**DATA PROVIDED**

■ ■ ■

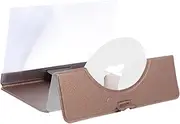 ASAKKURA Mobile Phone Screen Enlarger 1pc Cellphone Amplifier Practical Phone Magnifier Lightweight Compact No Battery Needed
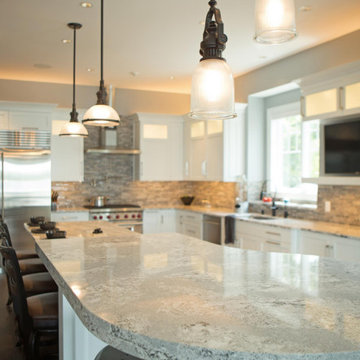 Trusdell, Kitchen, Syracuse, IN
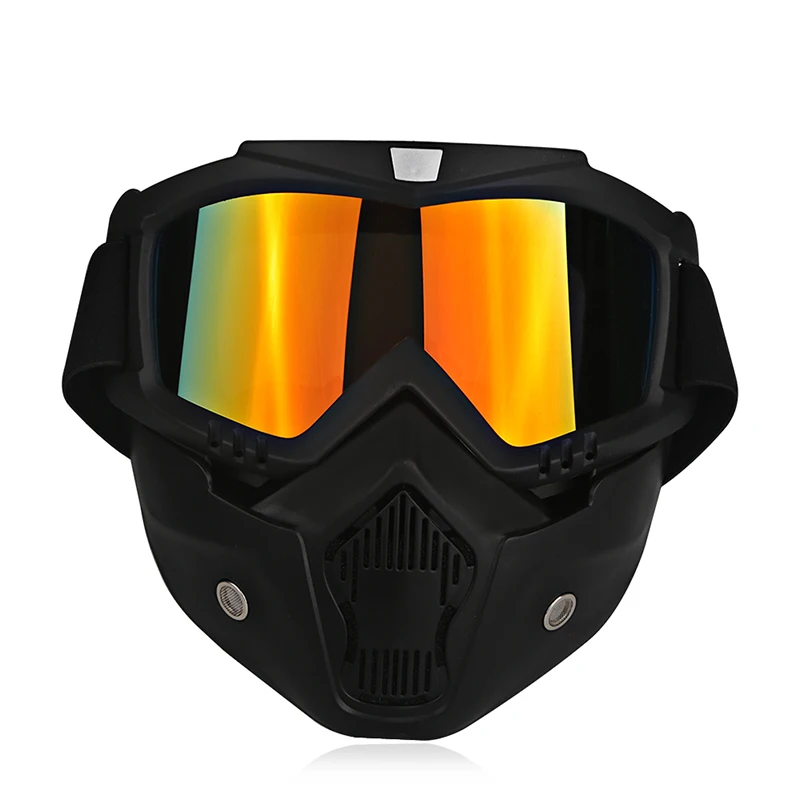 Prix pour Ski Vélo Moto Visage Masque Lunettes Motocross Moto Moteur Open Face Amovible Lunettes Casques Vintage Lunettes Universelle Prix pour Ski Vélo Moto Visage Masque Lunettes Motocross Moto Moteur Open Face Amovible Lunettes Casques Vintage Lunettes Universelle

■ ■ ■

**DIRECTIONS FOR THIS TASK**
Give the listing again exactly, but omit each image.

**SOLVED EXERCISE**
 ASAKKURA Mobile Phone Screen Enlarger 1pc Cellphone Amplifier Practical Phone Magnifier Lightweight Compact No Battery Needed
 Trusdell, Kitchen, Syracuse, IN
 Prix pour Ski Vélo Moto Visage Masque Lunettes Motocross Moto Moteur Open Face Amovible Lunettes Casques Vintage Lunettes Universelle Prix pour Ski Vélo Moto Visage Masque Lunettes Motocross Moto Moteur Open Face Amovible Lunettes Casques Vintage Lunettes Universelle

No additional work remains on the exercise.